Systems SDG10 Reduced inequalities

Make responsible decisions about own food and shopping and consumption habits that are in the interests of sustainable agriculture.

Systems SDG11 Sustainable cities and communities

Consider societal systems as complex systems that are connected to physical, social, psychological human needs over time and in different contexts.

Systems SDG12 Responsible consumption and production

Understand production and consumption patterns and value chains and the interrelatedness of production and consumption and how individual lifestyle choices influence social, economic and environmental development.

Systems SDG13 Climate action

Understand how natural and human phenomena which cause climate change are interconnected and be aware of the responsibilities of the dominant current development paradigm. Apply the systemic view and approach to forecast possible future scenario, to take decisions in conditions of uncertainty and to assess risks and impacts and therefore ensure the necessary flexibility.

Systems SDG14 Life below water

Understand the links between climate change, sea-level rise and over-consumption of seafood products.

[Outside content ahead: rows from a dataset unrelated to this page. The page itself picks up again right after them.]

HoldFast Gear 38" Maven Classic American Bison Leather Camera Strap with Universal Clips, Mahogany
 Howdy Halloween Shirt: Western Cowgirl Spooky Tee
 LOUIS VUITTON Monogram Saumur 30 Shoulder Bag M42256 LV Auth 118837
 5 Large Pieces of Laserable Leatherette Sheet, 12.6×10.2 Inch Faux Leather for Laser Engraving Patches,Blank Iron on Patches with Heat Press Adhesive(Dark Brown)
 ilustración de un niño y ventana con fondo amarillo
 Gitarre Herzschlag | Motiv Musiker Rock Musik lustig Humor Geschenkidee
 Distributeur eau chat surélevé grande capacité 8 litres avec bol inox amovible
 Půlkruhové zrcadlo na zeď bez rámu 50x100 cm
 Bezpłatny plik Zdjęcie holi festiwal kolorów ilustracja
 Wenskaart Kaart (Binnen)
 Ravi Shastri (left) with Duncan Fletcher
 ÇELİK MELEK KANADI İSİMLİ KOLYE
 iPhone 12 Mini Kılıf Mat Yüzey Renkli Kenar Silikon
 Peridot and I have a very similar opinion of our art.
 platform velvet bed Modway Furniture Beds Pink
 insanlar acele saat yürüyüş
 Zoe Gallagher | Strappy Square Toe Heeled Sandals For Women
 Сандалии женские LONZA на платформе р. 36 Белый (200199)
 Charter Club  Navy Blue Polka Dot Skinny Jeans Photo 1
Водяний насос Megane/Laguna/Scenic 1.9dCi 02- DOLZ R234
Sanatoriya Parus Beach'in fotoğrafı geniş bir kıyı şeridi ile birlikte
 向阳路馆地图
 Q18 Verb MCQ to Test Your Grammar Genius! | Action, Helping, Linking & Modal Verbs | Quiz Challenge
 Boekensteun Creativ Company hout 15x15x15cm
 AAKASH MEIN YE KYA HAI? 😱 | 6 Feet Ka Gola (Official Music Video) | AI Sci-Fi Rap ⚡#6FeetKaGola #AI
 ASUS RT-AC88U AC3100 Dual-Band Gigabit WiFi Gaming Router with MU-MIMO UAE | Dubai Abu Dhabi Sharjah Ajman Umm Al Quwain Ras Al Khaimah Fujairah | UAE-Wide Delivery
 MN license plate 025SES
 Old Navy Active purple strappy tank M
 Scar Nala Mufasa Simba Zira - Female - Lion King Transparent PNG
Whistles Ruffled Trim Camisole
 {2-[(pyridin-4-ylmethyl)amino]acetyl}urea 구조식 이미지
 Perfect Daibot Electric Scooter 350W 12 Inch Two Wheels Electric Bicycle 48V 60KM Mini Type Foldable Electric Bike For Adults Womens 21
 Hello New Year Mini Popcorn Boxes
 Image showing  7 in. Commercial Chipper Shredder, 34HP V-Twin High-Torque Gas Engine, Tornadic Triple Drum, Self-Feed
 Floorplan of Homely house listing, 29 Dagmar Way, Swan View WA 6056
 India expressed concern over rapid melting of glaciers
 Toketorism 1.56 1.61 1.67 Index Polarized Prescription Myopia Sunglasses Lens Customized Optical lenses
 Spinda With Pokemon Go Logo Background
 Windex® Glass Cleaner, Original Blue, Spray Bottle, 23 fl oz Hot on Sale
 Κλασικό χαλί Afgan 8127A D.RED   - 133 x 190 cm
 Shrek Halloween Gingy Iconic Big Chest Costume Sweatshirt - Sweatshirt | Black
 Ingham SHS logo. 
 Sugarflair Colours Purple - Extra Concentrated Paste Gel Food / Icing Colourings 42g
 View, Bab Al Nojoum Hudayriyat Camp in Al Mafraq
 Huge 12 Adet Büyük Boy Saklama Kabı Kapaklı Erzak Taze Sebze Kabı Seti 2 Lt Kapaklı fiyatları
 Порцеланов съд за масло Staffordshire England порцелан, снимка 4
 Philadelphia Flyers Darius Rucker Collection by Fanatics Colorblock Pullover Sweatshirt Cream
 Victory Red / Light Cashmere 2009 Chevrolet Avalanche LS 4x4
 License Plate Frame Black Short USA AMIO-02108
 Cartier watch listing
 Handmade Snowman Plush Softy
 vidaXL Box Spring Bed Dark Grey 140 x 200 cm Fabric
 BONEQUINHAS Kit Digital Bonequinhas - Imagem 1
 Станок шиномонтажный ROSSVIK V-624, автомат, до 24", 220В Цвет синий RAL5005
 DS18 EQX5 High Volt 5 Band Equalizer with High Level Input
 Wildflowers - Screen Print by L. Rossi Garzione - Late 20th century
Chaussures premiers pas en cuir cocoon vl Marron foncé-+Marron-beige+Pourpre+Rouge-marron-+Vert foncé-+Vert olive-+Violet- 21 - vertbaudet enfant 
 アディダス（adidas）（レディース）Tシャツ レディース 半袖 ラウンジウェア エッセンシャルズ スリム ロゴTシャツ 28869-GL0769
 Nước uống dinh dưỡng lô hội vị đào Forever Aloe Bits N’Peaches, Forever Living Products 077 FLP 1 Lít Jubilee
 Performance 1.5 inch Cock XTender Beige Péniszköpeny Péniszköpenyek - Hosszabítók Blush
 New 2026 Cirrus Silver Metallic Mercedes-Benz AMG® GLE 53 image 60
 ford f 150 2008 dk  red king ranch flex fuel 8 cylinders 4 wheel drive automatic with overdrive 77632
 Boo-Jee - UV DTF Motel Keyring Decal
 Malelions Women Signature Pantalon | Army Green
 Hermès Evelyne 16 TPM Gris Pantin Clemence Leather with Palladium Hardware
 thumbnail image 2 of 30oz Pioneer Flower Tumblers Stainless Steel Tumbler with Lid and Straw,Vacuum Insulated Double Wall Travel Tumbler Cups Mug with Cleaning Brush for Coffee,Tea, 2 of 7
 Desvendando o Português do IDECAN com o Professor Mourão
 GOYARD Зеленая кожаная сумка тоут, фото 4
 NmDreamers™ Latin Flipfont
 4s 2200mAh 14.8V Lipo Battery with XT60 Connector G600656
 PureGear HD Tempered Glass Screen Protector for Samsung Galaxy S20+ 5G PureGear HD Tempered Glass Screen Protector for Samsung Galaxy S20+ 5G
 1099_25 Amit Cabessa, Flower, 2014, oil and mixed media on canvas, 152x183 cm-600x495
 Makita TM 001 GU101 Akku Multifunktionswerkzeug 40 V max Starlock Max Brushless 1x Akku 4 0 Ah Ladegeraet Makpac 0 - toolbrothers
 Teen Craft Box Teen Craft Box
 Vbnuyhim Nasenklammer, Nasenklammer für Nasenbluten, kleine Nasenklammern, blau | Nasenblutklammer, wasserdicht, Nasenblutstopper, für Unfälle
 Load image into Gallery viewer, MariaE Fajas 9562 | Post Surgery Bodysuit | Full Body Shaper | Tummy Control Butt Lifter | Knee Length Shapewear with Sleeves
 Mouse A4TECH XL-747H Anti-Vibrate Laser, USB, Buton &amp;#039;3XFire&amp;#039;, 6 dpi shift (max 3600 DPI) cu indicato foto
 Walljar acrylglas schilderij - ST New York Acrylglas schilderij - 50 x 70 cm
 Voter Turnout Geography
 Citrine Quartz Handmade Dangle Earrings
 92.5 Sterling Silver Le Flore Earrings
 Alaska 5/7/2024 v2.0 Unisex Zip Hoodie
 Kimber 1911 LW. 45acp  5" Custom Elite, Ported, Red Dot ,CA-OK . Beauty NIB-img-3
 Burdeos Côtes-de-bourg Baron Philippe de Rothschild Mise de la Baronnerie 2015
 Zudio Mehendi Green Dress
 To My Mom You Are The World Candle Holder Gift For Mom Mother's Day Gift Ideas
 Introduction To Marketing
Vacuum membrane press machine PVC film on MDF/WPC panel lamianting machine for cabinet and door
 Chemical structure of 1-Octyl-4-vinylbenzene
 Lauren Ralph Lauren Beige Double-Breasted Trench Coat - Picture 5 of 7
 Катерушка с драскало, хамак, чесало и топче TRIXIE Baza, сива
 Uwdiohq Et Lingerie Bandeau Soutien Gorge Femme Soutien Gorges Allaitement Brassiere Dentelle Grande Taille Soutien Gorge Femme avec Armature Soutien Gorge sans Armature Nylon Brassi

Systems SDG15 Life on land

Understand how human life depends and impacts on natural habitats and their biodiversity and how current socio-environmental systems are having a serious impact on earth and oceanic habitats and biodiversity.

Systems SDG16 Peace, justice and strong institutions

Understand how power imbalances affect situations and how conflict or insecurity can have unforeseen consequences (e.g. movement of people).

Useful reading for Systems

  • Geisen G 2014 Autopoiesis. Perspective on sustainable, meaningful education. Utrecht: Duurzaam Door.
  • Henderson, K and Tilbury, D 2004 Whole-School Approaches to Sustainability: An International Review of Sustainable School Programs. Report Prepared by the Australian Research Institute in Education for Sustainability (ARIES) for The Department of the Environment and Heritage, Australian Government
  • Raworth K 2017 Doughnut Economics: seven ways to think like a 21st century economist. Random House (see chapter 4 – Get Savvy with Systems) – A useful way of showing how environmental and social concerns can guide economic development.
  • Scott W & Vare P 2018 The World We’ll Leave Behind. London: Routledge. (In particular chapter 33 Systems and systems thinking) – Very short, readable chapters introducing a wide range of sustainability issues.